=== DATASET RECORDS ===
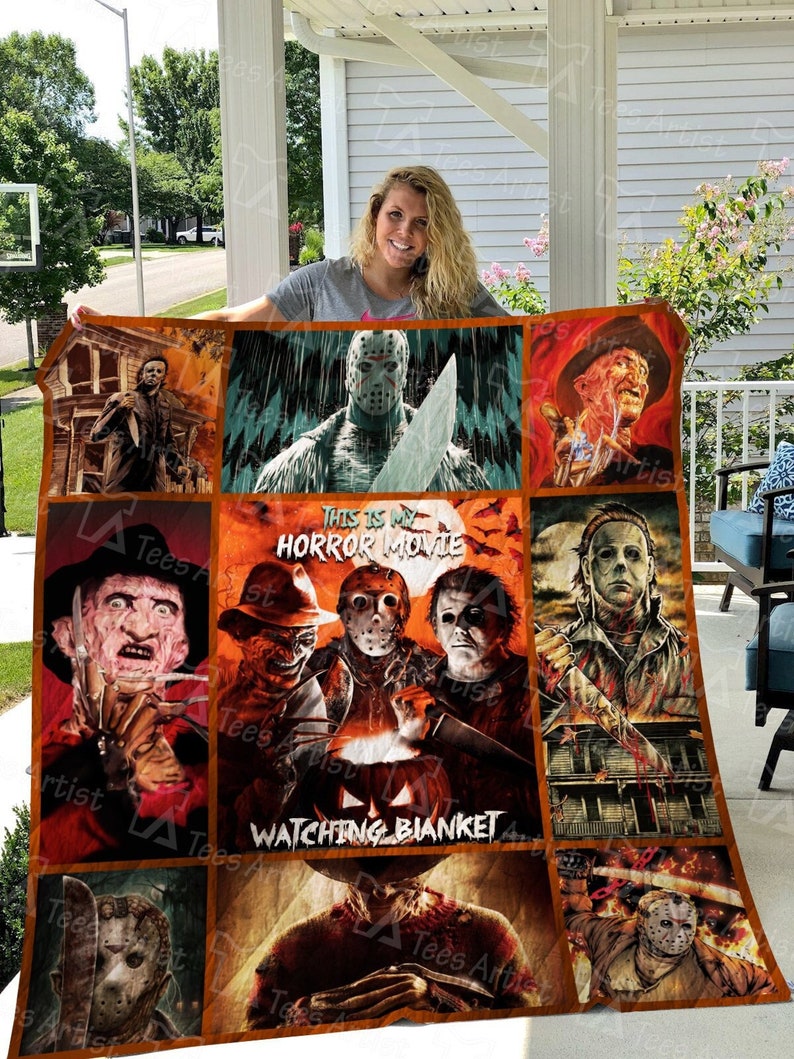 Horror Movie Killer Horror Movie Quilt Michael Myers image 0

--

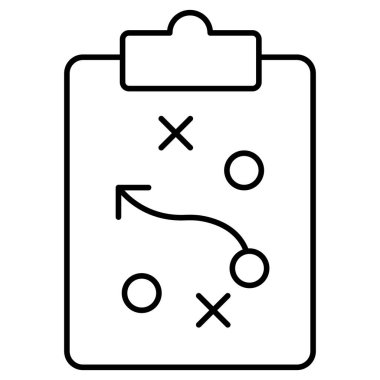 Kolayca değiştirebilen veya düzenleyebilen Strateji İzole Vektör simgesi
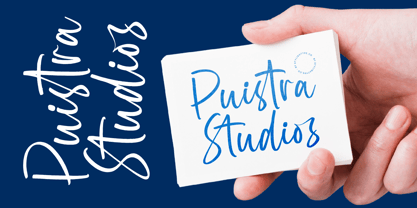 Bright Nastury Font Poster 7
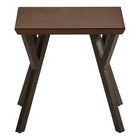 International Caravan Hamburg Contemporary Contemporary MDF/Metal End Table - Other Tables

---

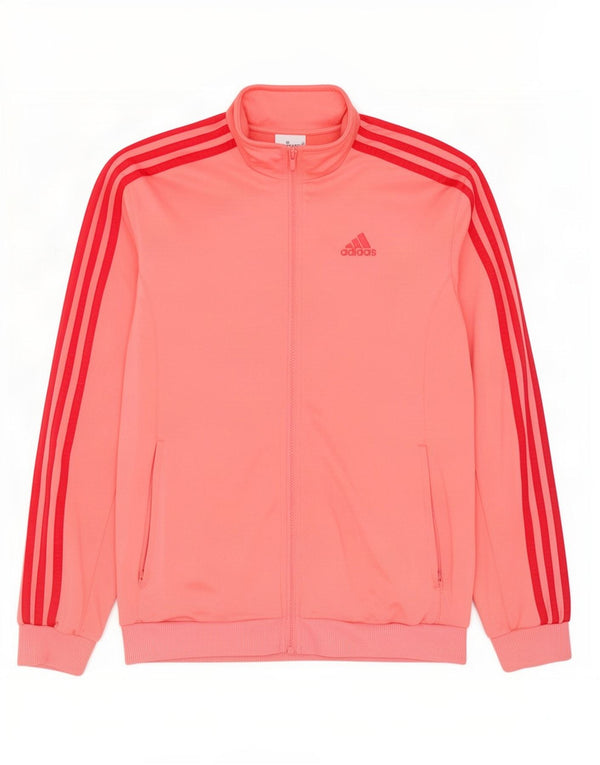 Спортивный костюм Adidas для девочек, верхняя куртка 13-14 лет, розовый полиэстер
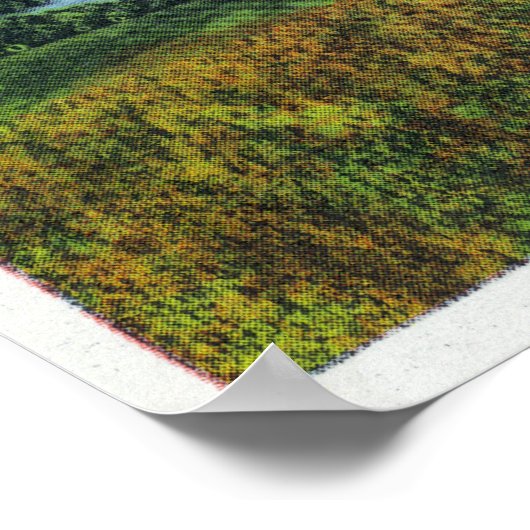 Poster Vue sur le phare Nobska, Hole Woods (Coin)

=== WHAT IS EXPECTED ===
Only the lines between the one with "Bright Nastury Font Poster 7" and the one with "International Caravan Hamburg", those two included, get copied from the material above. Keep it exact and free of pictures.

=== REPLY TO THE TASK ===
 Bright Nastury Font Poster 7
 International Caravan Hamburg Contemporary Contemporary MDF/Metal End Table - Other Tables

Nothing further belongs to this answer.